I have a cluster in production that I need to move to a new switch" to
"I have a cluster with Ceph, with separate networks for quorum, Ceph Public and Ceph Cluster, from which will only move to another switch the Ceph Cluster network of all servers in the PVE Cluster, but the Ceph OSD are only on a subset of all the hosts of the PVE Cluster" (if I understand correctly your posts).
Sorry, but it's very very hard and time consuming to provide accurate answers in this forum if I don't have all the information, specially on a critical change like this.
Anyway, my first recomendation still applies:
Network wise, this is a simple as interconnecting both switchs stacks so devices on the old MLAG switches see those moved to the new MLAG swich using the same VLAN's.
So when you move a server to the new switch it will see the others still in the old switch.
Which one is used to keep ceph cluster running ?
Ceph Public it's used for monitor quorum and client access to OSD, CephFS, etc. Ceph Cluster is used for OSD replicas/recovery/backfill only. Depending on your pool configuration you will need to be able to write to at least to
n OSD for the I/O to finish. So you need both networks working for Ceph to work.
how much time do I have when moving he node (one at the time) to the new switch before that nod realizes that it has been separated from other PVE nodes ?
Basically zero. Once a node with OSD's loses connection with the cluster network it will not be able to create replicas for the primary PGs it holds, so I/O for those PGs will block, so make sure to mark those OSD
down before moving that host.

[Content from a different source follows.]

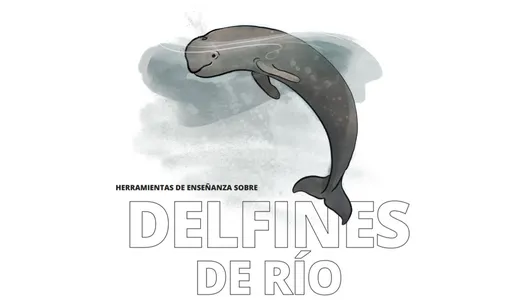 Herramientas Completas sobre los Delfines de Río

If you connect old and new switch between them, the operation will be as fast as moving the cable and marking the OSD
up again. Use the
noout flag so Ceph won't rebalance OSD's if they are down more than the default 10 minutes.
Also I should disable the HA for VMs running on the PVE node being moved to minimize chances of them being started on another mode - is there like a maintenance mode that would disable that ?
You must leave that node empty, just in case. By your posts I don't expect HA to fence the node, given that the PVE network (corosync quorum) will not be moved, but the safest thing to do is not to have any VM in the server you are working on.